Evaluation of thyroid nodules classified as Bethesda category III on cytology and their malignancy rate: An institutional experience

Address: Department of Pathology, Salmaniya Medical Complex, Manama, Bahrain
Corresponding author
Licence

This is an open access journal, and articles are distributed under the terms of the Creative Commons Attribution-NonCommercial-ShareAlike 4.0 License, which allows others to remix, tweak, and build upon the work non-commercially, as long as appropriate credit is given and the new creations are licensed under the identical terms.

Disclaimer:
This article was originally published by Wolters Kluwer - Medknow and was migrated to Scientific Scholar after the change of Publisher.

Abstract

Background:

Thyroid gland nodules are common and fine-needle aspiration (FNA) is the gold standard for screening those nodules.

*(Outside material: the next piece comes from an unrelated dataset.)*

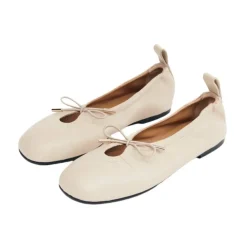 ALOHAS Ballerina Sko*Creme Læder Ballerina Sko Hvid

The Bethesda system for reporting thyroid cytolopathology standardized reporting thyroid nodules aspirations, but atypia of undetermined significance or follicular lesion of undetermined significance (Bethesda category III) was the most controversial category. The aim of our study is to review our institutional experience and analyze the clinical implications of making a diagnosis of AUS/FLUS (Bethesda category III).

Methods:

This is a retrospective study of an 889 thyroid FNAs from 825 patients in Salmaniya Medical Complex, during (January 2013–December 2017).

Results:

The most common cause for designating cases as AUS/FLUS (Bethesda category III) was the presence of features suggestive of papillary thyroid carcinoma, but not quite fulfilling the criteria for such diagnosis. Ninety-six cases were diagnosed as AUS/FLUS (10.7%), in which 26 (27%) patients underwent surgery without repeating the FNA, 25 (26%) underwent a second FNA and 43 (44.7%) patients were followed up by ultrasound. On repeating the FNA, 1 (4%) was unsatisfactory, 13 (52%) were benign, 10 (40%) were AUS/FLUS, and only 1 (4%) was categorized as malignant. Thirty cases were surgically excised, in which 4 (13.3%) were diagnosed as follicular adenoma, 2 (6.6%) as Hurthle cell adenoma, 9 (30%) as multinodular goiter, 5 (16.6%) as multinodular goiter with Hashimoto thyroiditis, 1 (3.3%) as colloid nodule with Hashimoto thyroiditis, and 9 (30%) as papillary thyroid carcinoma. Among all the cases diagnosed initially as AUS/FLUS (Bethesda category III), 9 (9.3%) cases were diagnosed as papillary thyroid carcinoma.

Conclusion:

Diagnostically, we almost meet the international standards of designating cases with AUS/FLUS (Bethesda category III) and approximate the risk of malignancy. However, the clinical management's guidelines should be followed to decrease the risk of unnecessary surgeries and their complications. There is a statistically significant correlation between the age and gender with the final histopathology report, respectively.

Keywords

Atypia of undetermined significance
Bethesda system
follicular lesion of undetermined significance

INTRODUCTION

Thyroid gland nodules are common, occurring in around 50% of population above 60 years of age.[1] In the last few years, detecting thyroid nodules increased dramatically, due to the wide range availability of imaging modalities. Hence, the number of thyroid fine needle aspiration (FNA) sampling increased.[234567] Reporting thyroid FNAs was an area of challenge for most of the pathologists and physicians; in terms of terminology and diagnoses clinical implications, so a standardized system was established for the first time by the National Cancer Institute State of the Science Conference[8910] in 2007, which resulted in the Bethesda System for Reporting Thyroid Cytopathology (TBSRTC). Since establishing the (TBSRTC), a uniform, six-tiered reporting system was initiated to be used by the pathologists internationally. It helps them to communicate thyroid FNAs interpretations with the physicians in terms of briefing and clinical applicability.[11] The implantation of the system has given a step forward in terms of quality of reporting thyroid FNAs, giving more reliable transparent reports and reducing the number of unnecessary surgeries and their complications.[12] While most of the thyroid gland nodules are benign, around 5% of them harbor malignant changes.[13]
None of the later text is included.